Attempts to “cope with” the assumption that P does not equal NP “help us develop new mental technologies,” says Richard Lipton, a computer scientist at Georgia Tech who studies the P versus NP problem. “Even though we’ve been writing algorithms for decades, we don’t fully understand what they’re capable of,” he continues. “So even if you proved that P does not equal NP–something that everyone already believes–it would have to radically expand our understanding of those capabilities, and make many new things possible with computers, in addition to all the clever workarounds we’ve already found.”

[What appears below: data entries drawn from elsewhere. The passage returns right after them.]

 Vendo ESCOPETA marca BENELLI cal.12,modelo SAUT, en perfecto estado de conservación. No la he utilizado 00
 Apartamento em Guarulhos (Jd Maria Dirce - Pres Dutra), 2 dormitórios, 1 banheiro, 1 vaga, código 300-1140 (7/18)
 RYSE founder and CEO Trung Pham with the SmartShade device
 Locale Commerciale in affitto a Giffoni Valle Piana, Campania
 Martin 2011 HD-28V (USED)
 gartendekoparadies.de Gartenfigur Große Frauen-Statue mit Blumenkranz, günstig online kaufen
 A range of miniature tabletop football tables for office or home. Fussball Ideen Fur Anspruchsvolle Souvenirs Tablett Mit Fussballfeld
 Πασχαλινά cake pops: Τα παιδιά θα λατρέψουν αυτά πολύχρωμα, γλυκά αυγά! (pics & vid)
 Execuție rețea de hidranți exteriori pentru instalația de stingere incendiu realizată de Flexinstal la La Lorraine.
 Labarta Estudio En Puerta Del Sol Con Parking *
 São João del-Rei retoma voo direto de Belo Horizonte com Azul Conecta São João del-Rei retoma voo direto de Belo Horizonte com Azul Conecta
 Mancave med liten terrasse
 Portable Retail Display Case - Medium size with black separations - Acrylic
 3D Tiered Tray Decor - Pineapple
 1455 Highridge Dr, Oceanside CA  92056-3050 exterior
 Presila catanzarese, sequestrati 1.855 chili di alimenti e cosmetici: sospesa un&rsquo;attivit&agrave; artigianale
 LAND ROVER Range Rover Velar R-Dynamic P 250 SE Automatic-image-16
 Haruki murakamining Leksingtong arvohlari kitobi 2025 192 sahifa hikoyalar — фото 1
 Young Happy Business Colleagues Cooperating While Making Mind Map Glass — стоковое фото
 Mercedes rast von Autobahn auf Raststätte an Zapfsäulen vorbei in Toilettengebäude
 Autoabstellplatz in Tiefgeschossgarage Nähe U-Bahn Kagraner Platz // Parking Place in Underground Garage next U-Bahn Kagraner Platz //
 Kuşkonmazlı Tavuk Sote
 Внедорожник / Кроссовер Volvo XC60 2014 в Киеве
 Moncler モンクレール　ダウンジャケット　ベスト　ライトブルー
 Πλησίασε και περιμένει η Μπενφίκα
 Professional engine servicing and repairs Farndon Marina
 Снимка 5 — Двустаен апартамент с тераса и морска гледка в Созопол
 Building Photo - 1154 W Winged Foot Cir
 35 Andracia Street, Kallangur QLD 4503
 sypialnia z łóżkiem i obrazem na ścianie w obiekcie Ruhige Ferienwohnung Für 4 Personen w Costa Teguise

So if incremental progress can still generate useful innovation, why aren’t titans of industrial research like Google, Microsoft, and HP (all of whom declined to comment for this article) devoting huge teams of researchers to the P does not equal NP puzzle? “Proving a negative is just incredibly hard, and from [a large company’s] point of view, it probably doesn’t have much impact on the next financial quarter or even the next few years of their business,” says Lipton. “It’s more of a long-term issue.”

Of course, there’s always the alternative: proving that P does in fact equal NP. But don’t hold your breath, says Aaronson. “There are good reasons why very few people believe that P equals NP,” he says. “If it did, we’d be living in a fundamentally different universe, and we’d probably have noticed by now.”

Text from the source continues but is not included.